Se quitó a la mujer de encima mordiéndole una mano y corrió hasta su caballo, que lo aguardaba, agitado, junto a la puerta. Galopó ladera arriba y alcanzó al forastero justo en la puerta de la casa, el extraño estaba intentando forzar la cerradura. Al verlo llegar, se alejó de la entrada.

—Creo que me confunde con alguien más —dijo el forastero—. Lo único que deseo es ver la casa —agregó.

—¡Metiéndose por la fuerza!—gritó Matías— No es necesario seguir mintiendo —continuó—. Me voy a entregar. Solo necesito saber qué ocurrió con mi hermano.

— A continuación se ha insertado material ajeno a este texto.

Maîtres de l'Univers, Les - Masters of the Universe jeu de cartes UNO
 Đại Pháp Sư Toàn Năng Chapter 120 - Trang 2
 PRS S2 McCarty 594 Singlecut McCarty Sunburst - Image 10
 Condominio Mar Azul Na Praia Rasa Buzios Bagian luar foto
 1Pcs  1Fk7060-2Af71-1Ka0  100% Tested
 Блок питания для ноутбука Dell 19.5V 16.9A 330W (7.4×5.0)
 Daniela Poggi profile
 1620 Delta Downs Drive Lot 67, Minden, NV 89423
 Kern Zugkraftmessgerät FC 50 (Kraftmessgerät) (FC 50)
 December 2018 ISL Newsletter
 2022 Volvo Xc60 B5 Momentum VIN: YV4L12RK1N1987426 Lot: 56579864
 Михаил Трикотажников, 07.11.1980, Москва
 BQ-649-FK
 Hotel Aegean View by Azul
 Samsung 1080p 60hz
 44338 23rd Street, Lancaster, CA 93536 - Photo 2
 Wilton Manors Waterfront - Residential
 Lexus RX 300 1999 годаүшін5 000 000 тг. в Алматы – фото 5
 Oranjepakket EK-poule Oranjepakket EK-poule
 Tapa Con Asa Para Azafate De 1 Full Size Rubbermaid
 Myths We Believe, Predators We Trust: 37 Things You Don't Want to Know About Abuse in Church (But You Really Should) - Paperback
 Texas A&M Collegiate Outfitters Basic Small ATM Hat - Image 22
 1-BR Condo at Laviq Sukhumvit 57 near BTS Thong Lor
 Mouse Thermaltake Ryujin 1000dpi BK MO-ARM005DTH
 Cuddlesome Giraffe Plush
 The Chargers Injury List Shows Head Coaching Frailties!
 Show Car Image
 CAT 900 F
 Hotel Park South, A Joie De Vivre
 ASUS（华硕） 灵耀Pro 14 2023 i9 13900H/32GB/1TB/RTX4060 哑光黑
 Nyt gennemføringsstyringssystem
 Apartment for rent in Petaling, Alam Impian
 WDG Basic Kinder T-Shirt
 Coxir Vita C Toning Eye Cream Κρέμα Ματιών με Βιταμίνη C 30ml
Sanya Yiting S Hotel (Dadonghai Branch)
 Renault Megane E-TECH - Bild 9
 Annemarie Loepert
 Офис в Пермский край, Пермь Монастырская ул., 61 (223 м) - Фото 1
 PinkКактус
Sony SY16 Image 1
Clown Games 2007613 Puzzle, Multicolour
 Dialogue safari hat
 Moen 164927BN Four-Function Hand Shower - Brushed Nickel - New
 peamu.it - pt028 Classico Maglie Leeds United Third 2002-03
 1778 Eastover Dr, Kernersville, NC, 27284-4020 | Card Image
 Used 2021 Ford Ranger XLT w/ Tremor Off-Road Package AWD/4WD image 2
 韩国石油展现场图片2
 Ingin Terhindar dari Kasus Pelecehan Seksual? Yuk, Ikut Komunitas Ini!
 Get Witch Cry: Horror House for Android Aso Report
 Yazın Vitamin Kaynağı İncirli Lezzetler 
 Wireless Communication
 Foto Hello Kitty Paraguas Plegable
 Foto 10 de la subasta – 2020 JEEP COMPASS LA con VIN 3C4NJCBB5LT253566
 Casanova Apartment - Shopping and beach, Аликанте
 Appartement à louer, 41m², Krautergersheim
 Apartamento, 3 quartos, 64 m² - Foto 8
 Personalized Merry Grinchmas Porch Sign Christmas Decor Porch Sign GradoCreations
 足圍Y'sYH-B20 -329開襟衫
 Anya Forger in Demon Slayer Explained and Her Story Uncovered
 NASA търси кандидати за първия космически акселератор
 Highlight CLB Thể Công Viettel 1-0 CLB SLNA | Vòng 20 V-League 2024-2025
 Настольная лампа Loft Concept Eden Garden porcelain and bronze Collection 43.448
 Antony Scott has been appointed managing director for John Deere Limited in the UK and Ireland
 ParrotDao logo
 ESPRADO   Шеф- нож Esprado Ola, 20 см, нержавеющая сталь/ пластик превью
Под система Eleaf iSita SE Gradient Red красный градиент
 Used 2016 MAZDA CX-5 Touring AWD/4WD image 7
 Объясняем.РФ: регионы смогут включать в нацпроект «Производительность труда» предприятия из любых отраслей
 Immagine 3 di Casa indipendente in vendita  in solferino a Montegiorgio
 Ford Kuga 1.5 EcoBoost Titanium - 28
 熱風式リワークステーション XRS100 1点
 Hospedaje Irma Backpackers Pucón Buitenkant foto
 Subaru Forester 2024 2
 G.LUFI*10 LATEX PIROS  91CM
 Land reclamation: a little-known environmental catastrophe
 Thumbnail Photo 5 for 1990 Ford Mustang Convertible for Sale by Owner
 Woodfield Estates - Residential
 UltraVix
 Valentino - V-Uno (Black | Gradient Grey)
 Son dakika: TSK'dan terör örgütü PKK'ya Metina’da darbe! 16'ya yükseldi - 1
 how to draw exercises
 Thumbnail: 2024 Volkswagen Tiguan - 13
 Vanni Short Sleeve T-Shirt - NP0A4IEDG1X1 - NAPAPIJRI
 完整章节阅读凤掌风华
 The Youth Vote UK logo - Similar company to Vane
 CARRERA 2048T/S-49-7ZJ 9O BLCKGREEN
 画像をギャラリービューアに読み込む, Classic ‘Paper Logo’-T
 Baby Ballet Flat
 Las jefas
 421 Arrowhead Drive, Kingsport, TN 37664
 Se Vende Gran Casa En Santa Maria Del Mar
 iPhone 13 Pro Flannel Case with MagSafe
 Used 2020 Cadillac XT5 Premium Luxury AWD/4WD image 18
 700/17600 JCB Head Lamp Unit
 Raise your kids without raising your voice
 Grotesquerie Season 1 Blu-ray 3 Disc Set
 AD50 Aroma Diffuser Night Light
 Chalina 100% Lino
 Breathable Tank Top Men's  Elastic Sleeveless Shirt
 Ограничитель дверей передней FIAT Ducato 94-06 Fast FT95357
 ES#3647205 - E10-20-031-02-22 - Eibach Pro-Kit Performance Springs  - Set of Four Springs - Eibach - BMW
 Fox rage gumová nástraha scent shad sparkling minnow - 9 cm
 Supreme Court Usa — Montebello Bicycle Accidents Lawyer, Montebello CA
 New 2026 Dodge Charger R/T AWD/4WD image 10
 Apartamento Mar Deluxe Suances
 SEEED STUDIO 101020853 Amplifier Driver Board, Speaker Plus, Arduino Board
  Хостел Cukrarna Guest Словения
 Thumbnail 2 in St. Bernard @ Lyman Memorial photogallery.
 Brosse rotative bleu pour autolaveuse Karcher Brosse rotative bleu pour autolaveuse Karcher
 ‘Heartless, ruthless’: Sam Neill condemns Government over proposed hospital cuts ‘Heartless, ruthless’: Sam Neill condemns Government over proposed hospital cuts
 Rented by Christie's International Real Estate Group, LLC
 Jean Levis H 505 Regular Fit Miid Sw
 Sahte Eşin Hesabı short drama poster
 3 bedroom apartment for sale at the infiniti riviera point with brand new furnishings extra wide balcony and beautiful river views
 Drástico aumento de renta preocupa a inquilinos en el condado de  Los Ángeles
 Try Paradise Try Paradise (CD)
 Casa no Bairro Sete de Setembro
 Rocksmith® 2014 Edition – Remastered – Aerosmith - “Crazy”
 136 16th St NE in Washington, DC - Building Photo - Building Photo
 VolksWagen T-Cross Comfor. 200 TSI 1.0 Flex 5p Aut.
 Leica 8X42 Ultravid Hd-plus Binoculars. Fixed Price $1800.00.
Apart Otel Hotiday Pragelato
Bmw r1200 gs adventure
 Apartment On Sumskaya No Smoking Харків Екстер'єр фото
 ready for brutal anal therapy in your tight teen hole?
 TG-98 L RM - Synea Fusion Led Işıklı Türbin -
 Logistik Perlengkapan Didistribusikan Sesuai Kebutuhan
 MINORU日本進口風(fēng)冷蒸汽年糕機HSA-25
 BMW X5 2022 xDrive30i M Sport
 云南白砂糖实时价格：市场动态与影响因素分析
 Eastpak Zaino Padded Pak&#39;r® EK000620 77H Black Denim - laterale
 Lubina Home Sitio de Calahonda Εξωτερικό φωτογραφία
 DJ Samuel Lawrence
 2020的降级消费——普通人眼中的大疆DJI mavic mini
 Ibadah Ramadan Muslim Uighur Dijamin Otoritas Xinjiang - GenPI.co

El forastero parecía no entender nada.

—Volveré mañana —dijo—, cuando esté usted más tranquilo.

Matías no respondió. Se metió a toda prisa a la casa. Dejó la puerta entreabierta para vigilar al intruso.

—Me llamo Isaac —gritó el hombre—. No siempre fui el fracasado que tiene ante sus ojos. Alguna vez quise ser astronauta —dijo—, y apuntó hacia un cuadro que colgaba por encima de la chimenea. Se veía incluso desde afuera. El retrato mostraba a Neil Armstrong caminando sobre la luna. Matías no pudo ocultar su sorpresa, pues hasta ese momento no había reparado en aquel cuadro.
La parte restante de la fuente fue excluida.